Both XSS and CSRF are client-side attacks.

Cross-site scripting

Let’s say the user is currently opening a browser tab in: mail.com

The browser stores user data specific to that website, e.g. cookie, localstorage…
In current tab, any js script can access those data.

Attacker tricks user to execute a script, that script will capture user data, and send to attacker site -> so “cross-site”

There is 2 important parts:

  • Attacker tricks user to execute a malicious script
    • By tricking user click to a url (either in chat, or email…)
    • The url could be like: mail.com/search?q="><script>...malicious code...</script>
  • The script code can capture user data, and send to attacker site
    • The script is excuted in current browser context (in domain mail.com). So it can access cookie or localstorage of that website.
    • With captured data, the script can http post them to attacker website.

Solution

Just escape the user input (url, form submit url…). Any HTML script tag will become plain text, so it can’t be executed by browser.
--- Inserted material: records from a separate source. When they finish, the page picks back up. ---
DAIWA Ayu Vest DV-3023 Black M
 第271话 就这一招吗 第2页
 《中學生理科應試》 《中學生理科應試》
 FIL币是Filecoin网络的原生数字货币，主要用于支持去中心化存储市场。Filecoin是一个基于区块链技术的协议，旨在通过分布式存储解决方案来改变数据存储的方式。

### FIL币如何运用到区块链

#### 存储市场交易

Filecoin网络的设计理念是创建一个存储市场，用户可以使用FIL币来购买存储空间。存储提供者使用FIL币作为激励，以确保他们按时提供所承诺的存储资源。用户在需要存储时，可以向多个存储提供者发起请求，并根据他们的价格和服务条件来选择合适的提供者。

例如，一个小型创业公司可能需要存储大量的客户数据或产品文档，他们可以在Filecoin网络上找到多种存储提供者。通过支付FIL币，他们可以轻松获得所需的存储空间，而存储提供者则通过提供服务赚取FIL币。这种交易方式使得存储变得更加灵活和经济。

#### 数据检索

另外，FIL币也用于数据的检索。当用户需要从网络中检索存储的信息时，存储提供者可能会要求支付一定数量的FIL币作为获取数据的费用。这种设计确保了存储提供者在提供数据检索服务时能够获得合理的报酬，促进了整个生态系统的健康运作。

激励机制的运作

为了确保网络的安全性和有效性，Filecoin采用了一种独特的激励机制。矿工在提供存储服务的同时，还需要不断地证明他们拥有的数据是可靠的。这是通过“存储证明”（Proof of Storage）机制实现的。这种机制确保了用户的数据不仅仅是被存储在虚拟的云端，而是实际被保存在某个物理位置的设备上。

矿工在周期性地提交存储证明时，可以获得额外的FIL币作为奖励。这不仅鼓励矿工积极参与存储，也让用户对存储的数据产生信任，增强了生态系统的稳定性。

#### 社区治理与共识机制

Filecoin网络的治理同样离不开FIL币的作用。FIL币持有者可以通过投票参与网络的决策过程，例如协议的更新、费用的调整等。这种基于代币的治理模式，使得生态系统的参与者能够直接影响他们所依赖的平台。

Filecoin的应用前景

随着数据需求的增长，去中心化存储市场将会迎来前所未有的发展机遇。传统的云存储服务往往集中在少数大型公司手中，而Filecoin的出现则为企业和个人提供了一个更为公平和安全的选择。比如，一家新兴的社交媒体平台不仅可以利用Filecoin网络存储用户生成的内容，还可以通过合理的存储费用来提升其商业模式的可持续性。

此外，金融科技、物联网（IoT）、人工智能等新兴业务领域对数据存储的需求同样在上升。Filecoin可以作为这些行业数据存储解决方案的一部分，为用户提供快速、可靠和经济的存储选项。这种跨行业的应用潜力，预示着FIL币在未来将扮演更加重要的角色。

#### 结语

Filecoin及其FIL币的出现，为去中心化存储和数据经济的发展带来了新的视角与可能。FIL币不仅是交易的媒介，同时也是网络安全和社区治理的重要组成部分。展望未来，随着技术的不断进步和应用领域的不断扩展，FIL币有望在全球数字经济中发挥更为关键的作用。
Cross-site request forgery

“Request forgery” means copying/faking a request for malicious purpose.

Let’s say user is currently logged in to mail.com.
A request to change password is like: mail.com/change-password?new=abc

Here, the attacker forges a request to change password, and tricks user to send it:

  • Forge a request to change password to xyz
    • Just make an url: mail.com/change-password?new=xyz
  • Tricks user to click on that url

This is naive attack, only possible for bad designed API, and HTTP Get only.

Let’s consider a HTTP post example. Here is mail.com form to change password:

<form method='POST' action='/change-password'>
  <input type='text' name='new_password'/>
  <input type='submit'/>
</form>

The attacker create a website: attacker.com, has content:

<form name='fake' method='POST' action='http://mail.com/change-password'>
  <input type='text' name='new_password' value='xyz'/>
  <input type='submit'/>
</form>

<script>
  document.onload = () => document.forms['fake'].submit()
</script>

Then, attacker tricks user to go to attacker.com.
When page is loaded, the script kicks in, the form is submitted to mail.com with new password.

Of course it is also naive implmentation. But it is possible.

Solution

For HTTP Post with form rendered by server-side:

  • Whenever server renders a form, add anti-CSRF token field to form.
  • The token is similar to session id, randomized for each form rendering request, .
  • When form is submitted, the token go along with post request
  • Server checks the CSRF token to match with saved token in server.

Because the token changes in every request, the attacker can’t know and can’t forge a valid request.